Records shown:
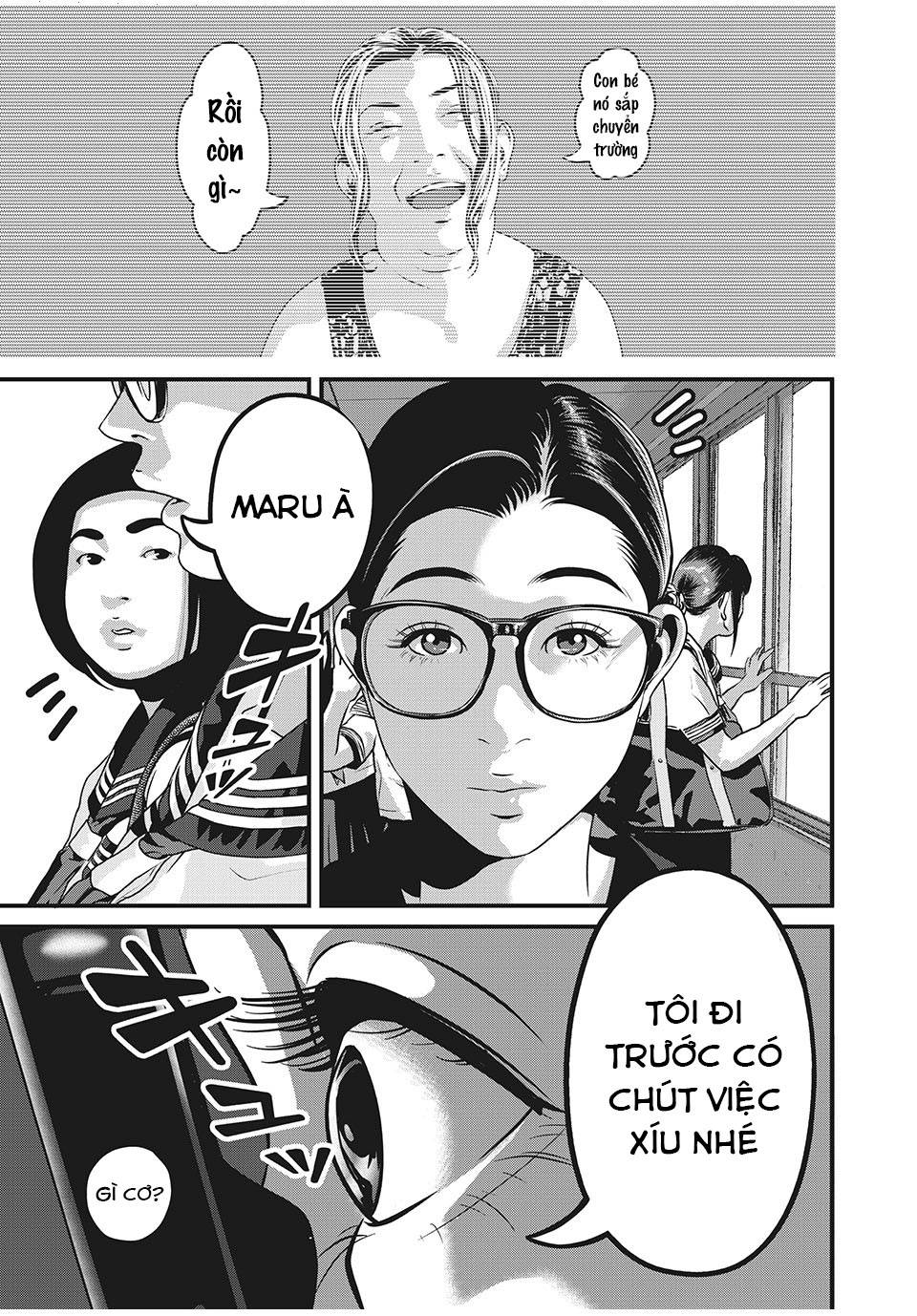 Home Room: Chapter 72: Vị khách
...
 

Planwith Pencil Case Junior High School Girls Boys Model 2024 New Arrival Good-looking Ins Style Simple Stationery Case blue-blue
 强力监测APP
--
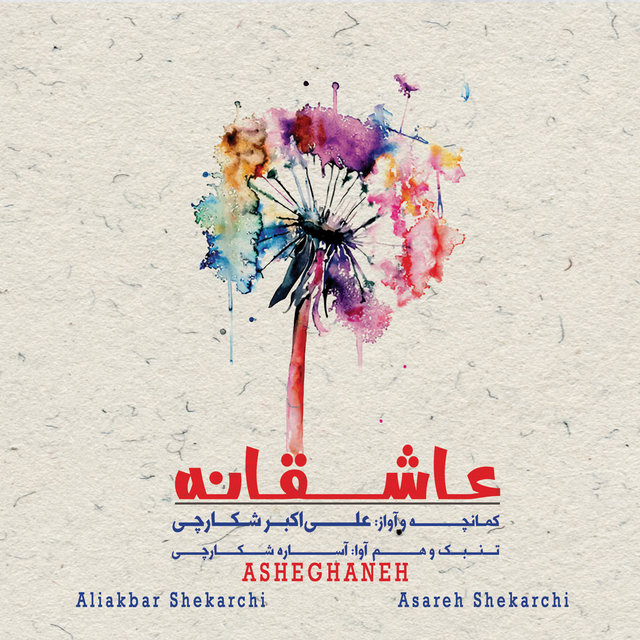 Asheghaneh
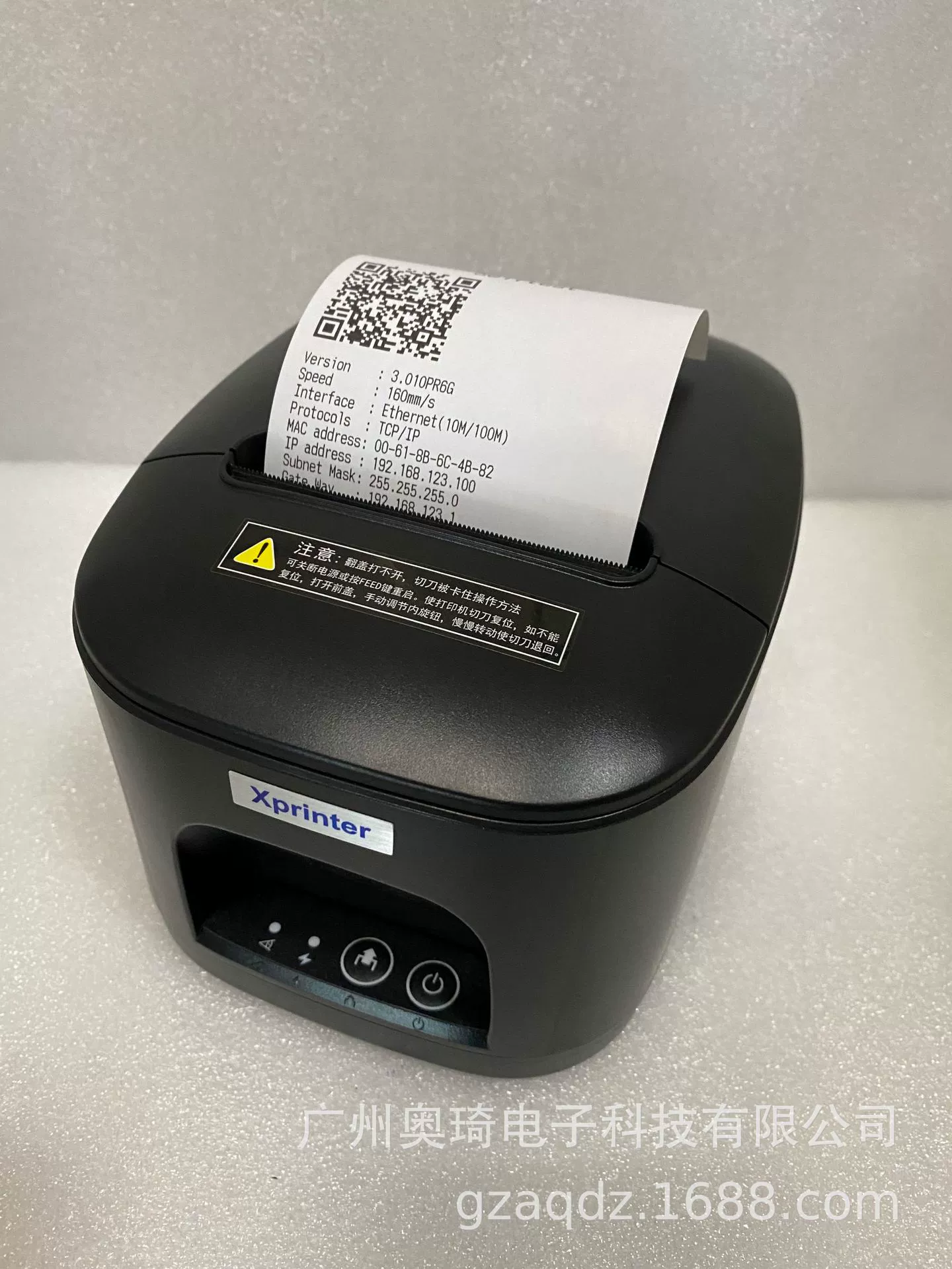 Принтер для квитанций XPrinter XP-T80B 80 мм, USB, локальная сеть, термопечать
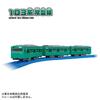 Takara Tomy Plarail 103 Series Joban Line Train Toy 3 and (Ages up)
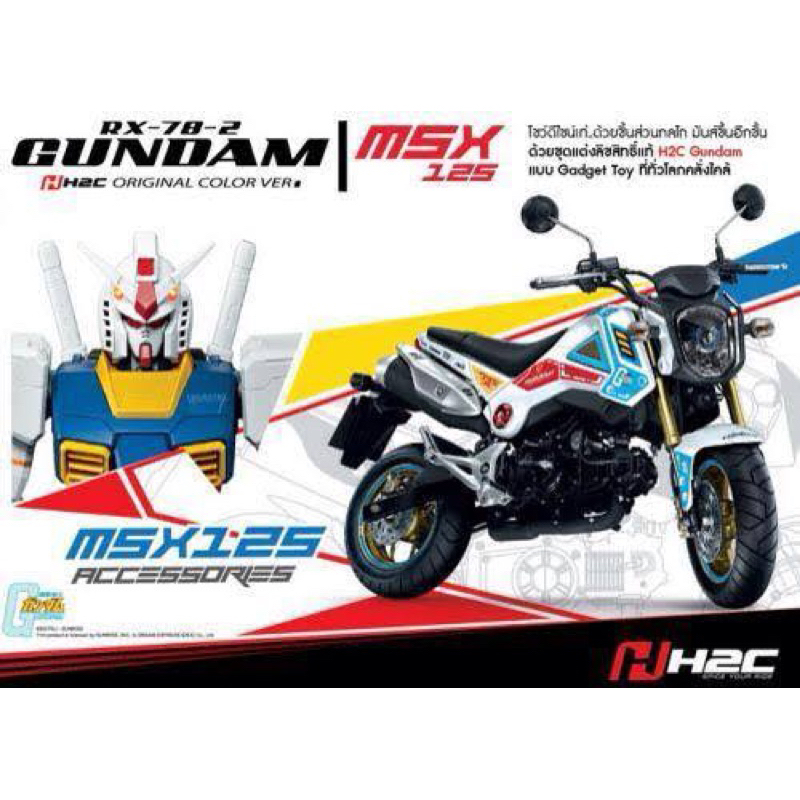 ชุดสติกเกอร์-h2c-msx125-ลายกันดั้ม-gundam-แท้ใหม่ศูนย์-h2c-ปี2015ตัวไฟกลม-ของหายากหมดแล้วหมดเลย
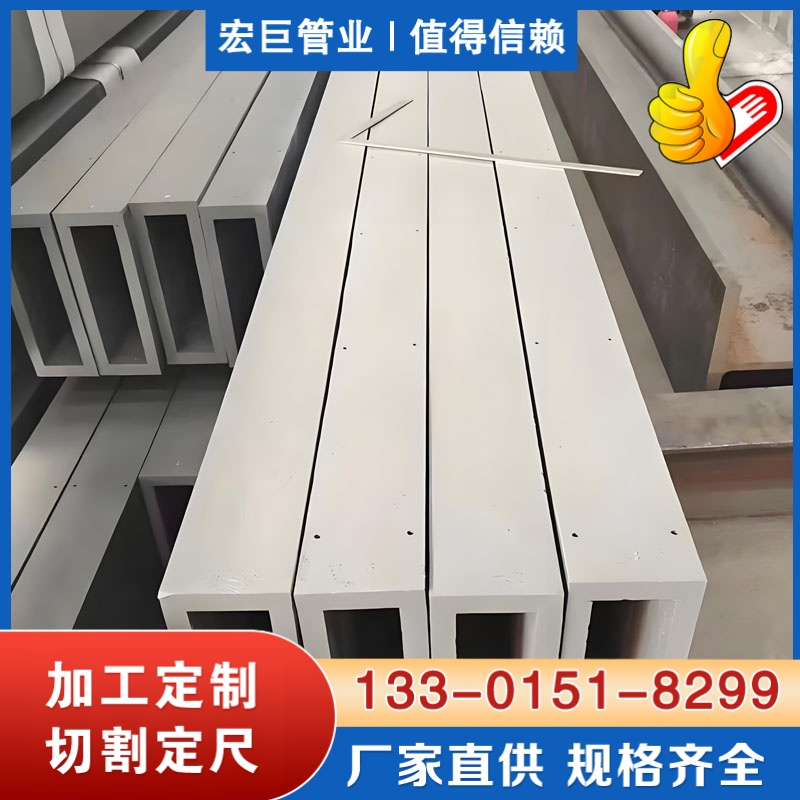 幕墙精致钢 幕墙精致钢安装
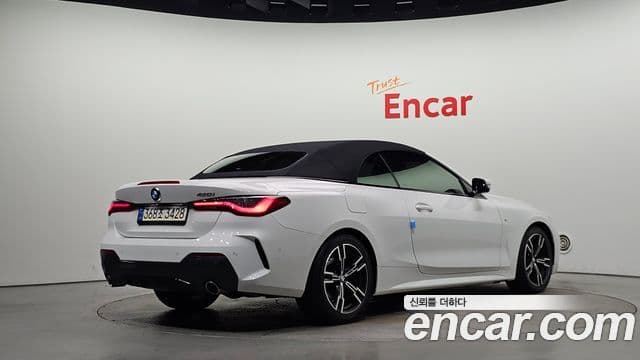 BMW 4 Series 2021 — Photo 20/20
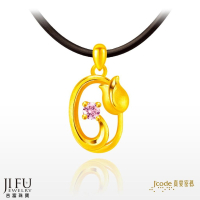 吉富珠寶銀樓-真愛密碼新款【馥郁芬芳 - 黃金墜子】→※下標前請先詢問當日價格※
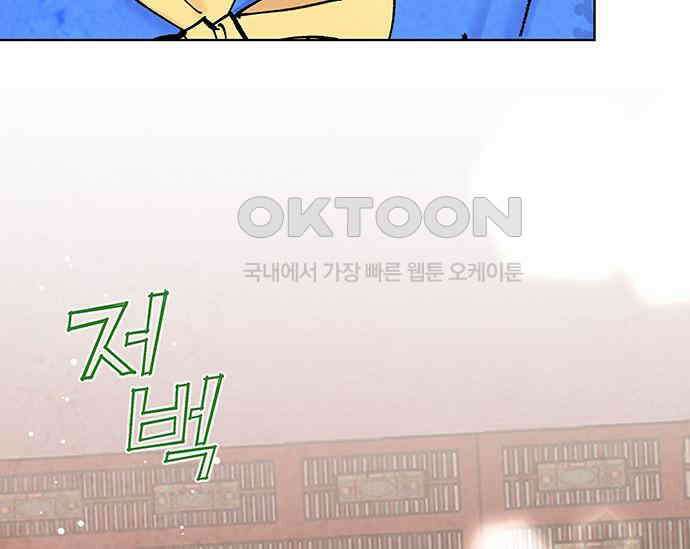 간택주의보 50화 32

The task: What should come back is an exact copy of the lines above from the line with "BMW 4 Series 2021 — Photo 20/20" to the line with "간택주의보 50화 32", both included, minus the pictures.

Reply:
 BMW 4 Series 2021 — Photo 20/20
 吉富珠寶銀樓-真愛密碼新款【馥郁芬芳 - 黃金墜子】→※下標前請先詢問當日價格※
 간택주의보 50화 32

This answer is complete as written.